**Provided information:**

++++++++

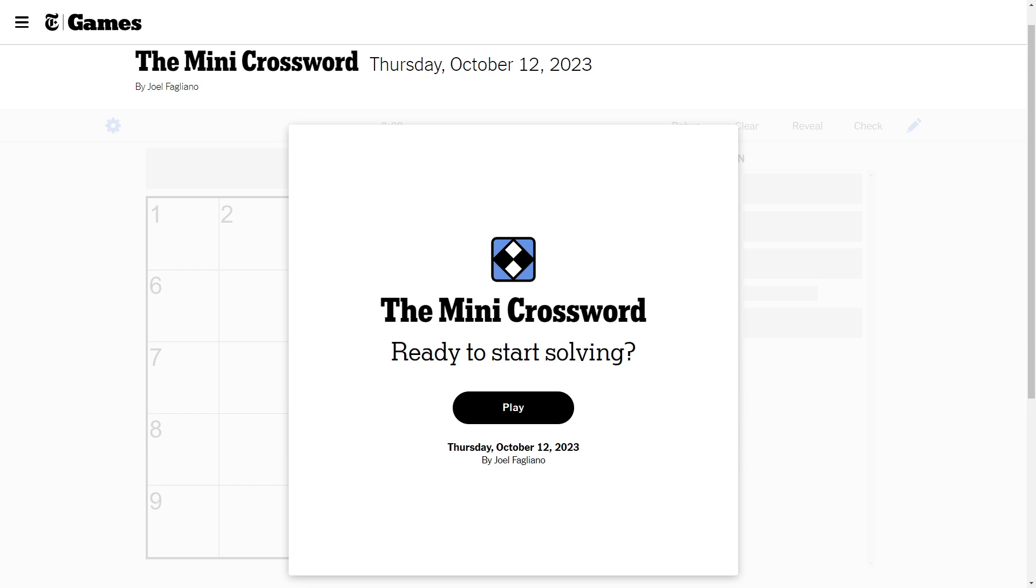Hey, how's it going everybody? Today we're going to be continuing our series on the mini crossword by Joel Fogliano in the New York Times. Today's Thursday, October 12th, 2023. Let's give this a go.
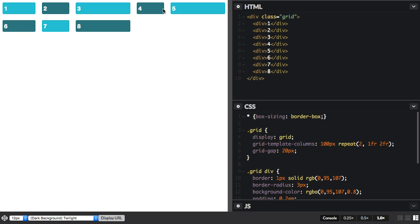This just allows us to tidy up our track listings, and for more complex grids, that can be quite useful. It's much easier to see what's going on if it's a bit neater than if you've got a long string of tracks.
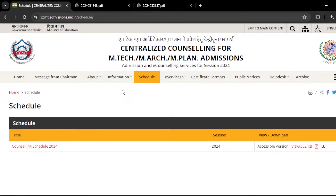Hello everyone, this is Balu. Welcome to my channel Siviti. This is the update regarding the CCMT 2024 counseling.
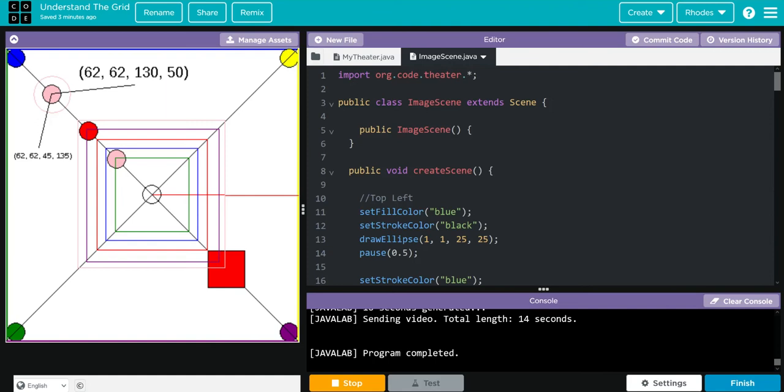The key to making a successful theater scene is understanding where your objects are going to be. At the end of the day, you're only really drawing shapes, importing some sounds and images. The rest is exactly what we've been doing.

++++++++

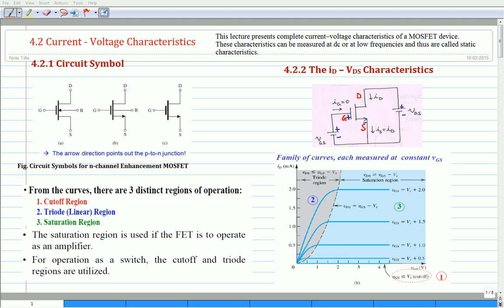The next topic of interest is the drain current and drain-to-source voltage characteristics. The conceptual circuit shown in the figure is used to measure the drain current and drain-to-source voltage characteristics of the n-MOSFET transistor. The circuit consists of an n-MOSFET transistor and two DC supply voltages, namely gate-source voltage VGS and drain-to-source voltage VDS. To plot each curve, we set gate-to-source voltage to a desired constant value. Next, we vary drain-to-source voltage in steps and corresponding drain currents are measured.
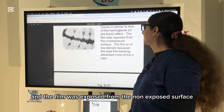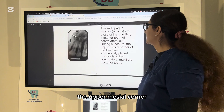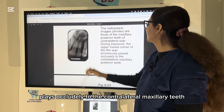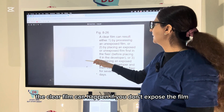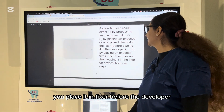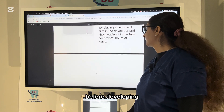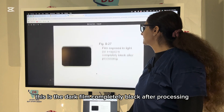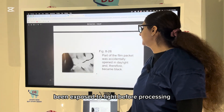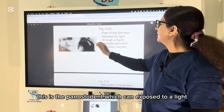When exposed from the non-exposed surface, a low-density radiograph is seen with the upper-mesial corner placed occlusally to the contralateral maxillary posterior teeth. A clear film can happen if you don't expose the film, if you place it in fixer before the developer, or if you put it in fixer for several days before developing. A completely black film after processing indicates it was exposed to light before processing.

++++++++

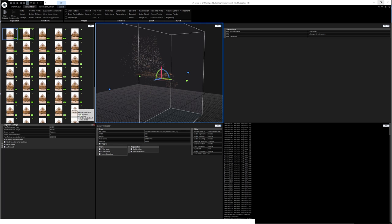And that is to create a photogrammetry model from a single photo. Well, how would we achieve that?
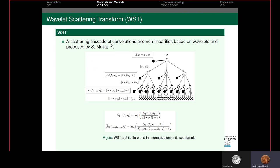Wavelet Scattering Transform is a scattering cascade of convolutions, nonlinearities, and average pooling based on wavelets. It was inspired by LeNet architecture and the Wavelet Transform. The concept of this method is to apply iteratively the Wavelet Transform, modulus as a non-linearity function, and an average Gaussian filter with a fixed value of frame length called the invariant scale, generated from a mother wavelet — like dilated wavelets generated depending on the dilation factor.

++++++++

**Exercise requirements:**
Repeat exactly the stretch of the listing above that starts with the line holding "Hey, how's it" and finishes with the line holding "The key to making", both included. Skip every picture.

**Result of this task:**
Hey, how's it going everybody? Today we're going to be continuing our series on the mini crossword by Joel Fogliano in the New York Times. Today's Thursday, October 12th, 2023. Let's give this a go.
This just allows us to tidy up our track listings, and for more complex grids, that can be quite useful. It's much easier to see what's going on if it's a bit neater than if you've got a long string of tracks.
Hello everyone, this is Balu. Welcome to my channel Siviti. This is the update regarding the CCMT 2024 counseling.
The key to making a successful theater scene is understanding where your objects are going to be. At the end of the day, you're only really drawing shapes, importing some sounds and images. The rest is exactly what we've been doing.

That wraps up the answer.